[ISSUE-309][FEATURE] Support ShuffleServer latency metrics. #327

leixm · 2022-11-16T02:56:02Z

What changes were proposed in this pull request?

For #309, support ShuffleServer latency metrics.

Why are the changes needed?

Accurately determine whether the current service load has caused a large delay to the client's read and write.

Does this PR introduce any user-facing change?

No

How was this patch tested?

UT

jerqi · 2022-11-16T03:16:17Z

common/src/main/java/org/apache/uniffle/common/metrics/GRPCMetrics.java

@@ -119,4 +138,12 @@ public Gauge getGaugeGrpcOpen() {
  public Counter getCounterGrpcTotal() {
    return counterGrpcTotal;
  }
+
+  public Map<String, Summary> getSendTimeSummaryMap() {


What's the meaning of sendTime?

Could we have a better name? Transport time?

Its meaning is the time interval from the client sending to the ShuffleServerGrpcService receiving the request.

Could we have a better name? Transport time?

Sounds great!

jerqi · 2022-11-16T03:18:17Z

server/src/main/java/org/apache/uniffle/server/ShuffleServerGrpcService.java

@@ -186,6 +186,11 @@ public void sendShuffleData(SendShuffleDataRequest req,
    String appId = req.getAppId();
    int shuffleId = req.getShuffleId();
    long requireBufferId = req.getRequireBufferId();
+    long sendTime = req.getSendTime();
+    if (sendTime > 0) {
+      shuffleServer.getGrpcMetrics().recordSendTime(ShuffleServerGrpcMetrics.SEND_SHUFFLE_DATA_METHOD,


Do we need consider the data size when we calculate the metrics?

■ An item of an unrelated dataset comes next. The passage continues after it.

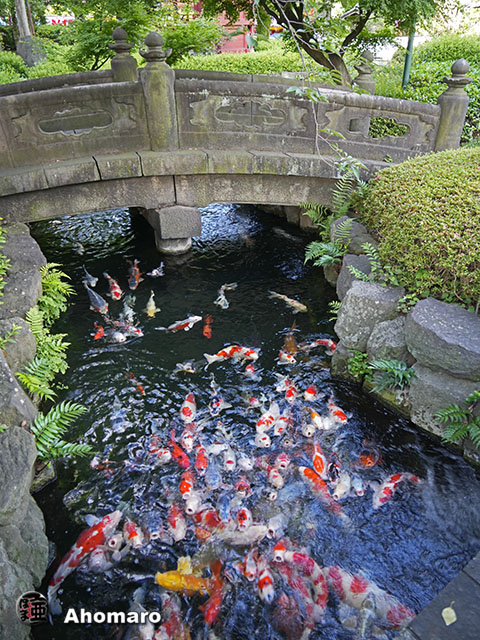 写真00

I don't think the amount of data will cause great fluctuations in latency. For example, 100K costs 1ms, and 1M costs 10ms. This seems like a normal fluctuation, but it may rise to 10s when the server load is high (according to observations in the production environment) , Of course, if we consider the amount of data, we can divide the sending time by a certain amount of data. Do you have any better suggestions?

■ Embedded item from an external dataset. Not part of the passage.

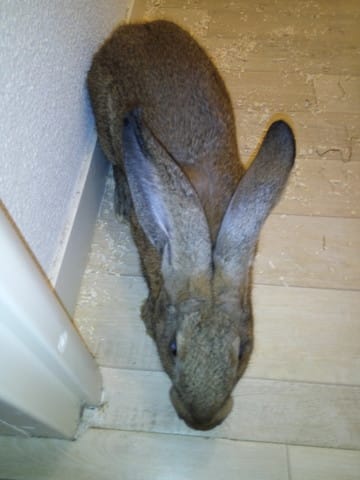 Demande d'information sur l'espece de mon lapin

Make sense. Could we add some comments to explain why we don't choose to use the size of data?

codecov-commenter · 2022-11-16T03:19:44Z

Codecov Report

Merging #327 (55719de) into master (eae2621) will decrease coverage by 0.13%.
The diff coverage is 31.91%.

@@             Coverage Diff              @@
##             master     #327      +/-   ##
============================================
- Coverage     61.21%   61.08%   -0.14%     
- Complexity     1506     1507       +1     
============================================
  Files           185      185              
  Lines          9360     9405      +45     
  Branches        908      914       +6     
============================================
+ Hits           5730     5745      +15     
- Misses         3325     3355      +30     
  Partials        305      305

Impacted Files	Coverage Δ
...java/org/apache/uniffle/common/util/Constants.java	`0.00% <ø> (ø)`
...pache/uniffle/server/ShuffleServerGrpcService.java	`0.83% <0.00%> (-0.03%)`	⬇️
...org/apache/uniffle/common/metrics/GRPCMetrics.java	`40.00% <16.66%> (-6.52%)`	⬇️
.../apache/uniffle/common/metrics/MetricsManager.java	`68.42% <20.00%> (-17.30%)`	⬇️
...pache/uniffle/server/ShuffleServerGrpcMetrics.java	`100.00% <100.00%> (ø)`

📣 We’re building smart automated test selection to slash your CI/CD build times. Learn more

…uniffle into latency_metrics merge.

jerqi · 2022-11-16T04:12:05Z

server/src/main/java/org/apache/uniffle/server/ShuffleServerGrpcMetrics.java

+    transportTimeSummaryMap.putIfAbsent(GET_SHUFFLE_DATA_METHOD,
+        metricsManager.addSummary(GRPC_GET_SHUFFLE_DATA_SEND_LATENCY));
+    transportTimeSummaryMap.putIfAbsent(GET_IN_MEMORY_SHUFFLE_DATA_METHOD,
+        metricsManager.addSummary(GRPC_GET_IN_MEMORY_SHUFFLE_DATA_SEND_LATENCY));


SEND -> TRANSPORT?

jerqi · 2022-11-16T04:14:03Z

proto/src/main/proto/Rss.proto

@@ -76,6 +76,7 @@ message GetLocalShuffleDataRequest {
  int32 partitionNum = 5;
  int64 offset = 6;
  int32 length = 7;
+  int64 sendTime = 8;


Could we give a better name?

jerqi · 2022-11-16T04:15:00Z

proto/src/main/proto/Rss.proto

@@ -90,6 +91,7 @@ message GetMemoryShuffleDataRequest {
  int32 partitionId = 3;
  int64 lastBlockId = 4;
  int32 readBufferSize = 5;
+  int64 sendTime = 6;


Time is a duration. This should be timestamp.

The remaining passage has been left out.